**SOURCE MATERIAL:**

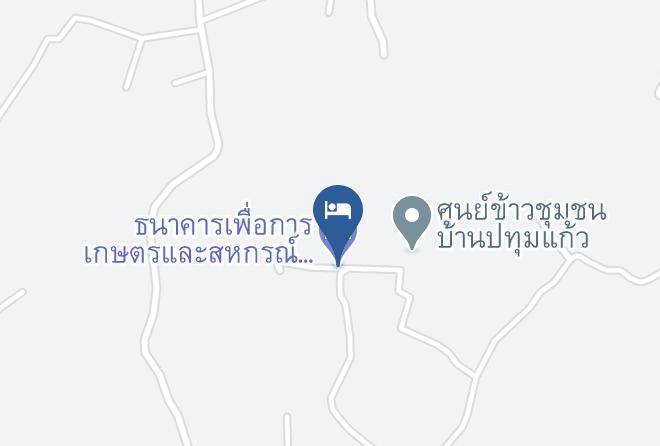 Amphoe Trakan Phuet Phon - Suporn Resort Hotel Maps
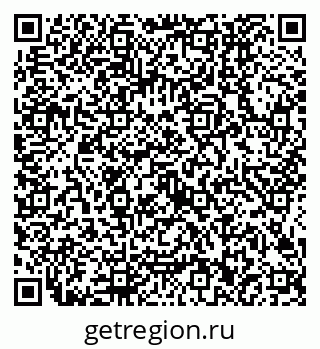 79634402270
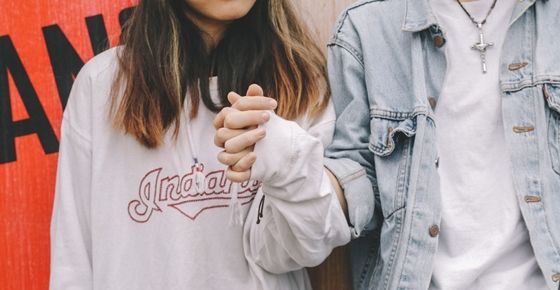 (ภาพจาก pexels.com)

**BRIEF:** An exact reproduction of the data above is required, with every picture removed.

**EXERCISE RESPONSE:**
 Amphoe Trakan Phuet Phon - Suporn Resort Hotel Maps
 79634402270
 (ภาพจาก pexels.com)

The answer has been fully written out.